The full listing must be reproduced exactly as given.

::: Supplied material :::

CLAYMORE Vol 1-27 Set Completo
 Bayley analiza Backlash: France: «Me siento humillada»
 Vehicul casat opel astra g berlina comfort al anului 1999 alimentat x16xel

:::

* **Problem solution**:
CLAYMORE Vol 1-27 Set Completo
 Bayley analiza Backlash: France: «Me siento humillada»
 Vehicul casat opel astra g berlina comfort al anului 1999 alimentat x16xel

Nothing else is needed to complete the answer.